Since the end of World War II, the central foundation of US Economic Strength
has rested on the US Dollar. Many of our strategic plans, geopolitical strategies,
past and future wars -- the entire global chess board if you will, has been played
out by trying to maintain our undisputed economic power, based primarily through
ownership of the World's Reserve Currency.
SOME HISTORY ON THE US DOLLAR:

Throughout the history of the world, there have always been strong currencies,
usually held by the economic powerhouses of the day. Theses currencies were
primarily called Reserve
Currencies. The Pound Sterling was the primary reserve currency for much
of the world in the 18th and 19th centuries. But perpetual account and fiscal
deficits, financed by cheap credit and unsustainable monetary and fiscal policies
used to finance wars and colonial ambitions eventually led to the pound sinking
(sound familiar?).
Post World-War II, the US dollar took over the sterling's dominant position
and became the world's newest reserve currency. The Bretton
Woods Accord, the first major economic transformation toward the end of
World War II, established the International Monetary Fund (IMF) and a way to
value the various currencies of the world relative to each other. All foreign
currencies would trade in relationship to the US Dollar and only the US dollar
(as the reserve currency) would be tied to a gold standard (meaning the value
of dollars circulating must be backed by gold reserves).

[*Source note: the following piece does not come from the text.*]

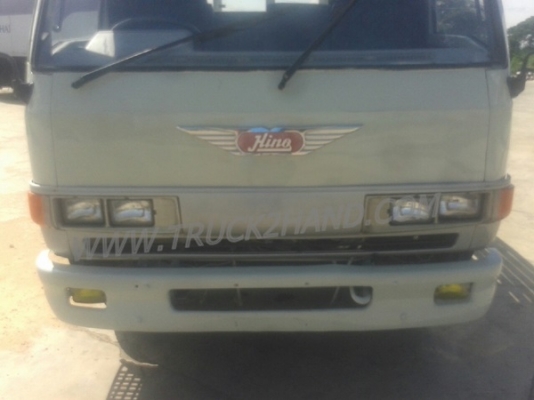 รถ 6 ล้อ HINO FB2W กระบะรั้ว  กระบะยาว 5 เมตร  120  แรงม้า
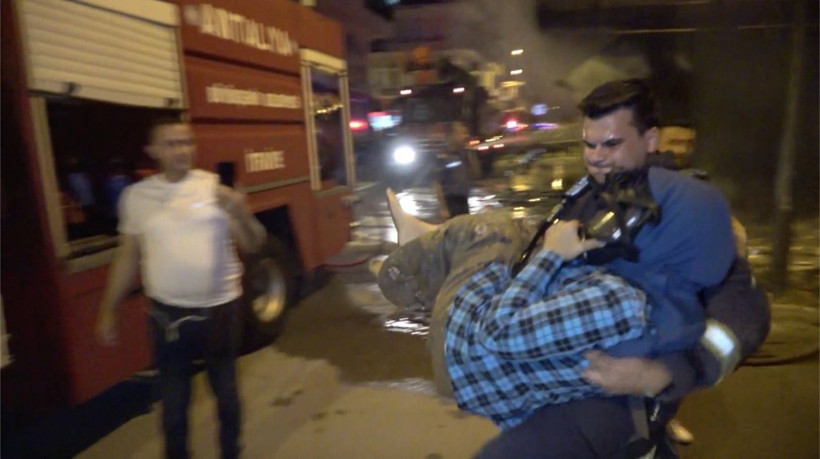 Antalya'da 5 katlı binada can pazarı! Üst katlarda 13 kişi dumandan zehirlendi! - Resim: 3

The gold standard caused major problems in the 1960's when France (under the London
Gold Pool) called America's bluff and demanded gold for payment of debt,
rather than US dollars (they understood that we were printing more money,
to finance the Vietnam conflict and fund new social programs, than we had
available in gold reserves).
Due to the rapid loss of US gold reserves, President Nixon had no choice but
to abolish the Bretton Woods accord in August of 1971 and he took the US dollar
off the gold standard (it was $35 per ounce then; today it is > $900).
This Nixon shock of
August 1971 caused a swift devaluation of the US dollar (gold doubled in price
by 1972) and numerous efforts followed (by U.S. leadership) to develop a new
system of international monetary management. They felt they must find another
way, as currencies around the world were in turmoil and were now floating among
one another...
The year 1974 provided the much needed answer. In June of 1974, Secretary
of State Henry Kissinger established the US-Saudi
Arabian Joint Commission on Economic Cooperation. One of the major components
of this commission stated that OPEC would officially agree to sell its oil
only for dollars -- meaning any country purchasing oil from OPEC had to pay
in U.S. dollars. This agreement enormously increased the demand for the floating
dollar, as oil importing countries now had to earn or borrow dollars to pay
for their oil.
OPEC oil countries were soon overflowing with petrodollars and
most of them ended up recycled through accounts in London and New York banks.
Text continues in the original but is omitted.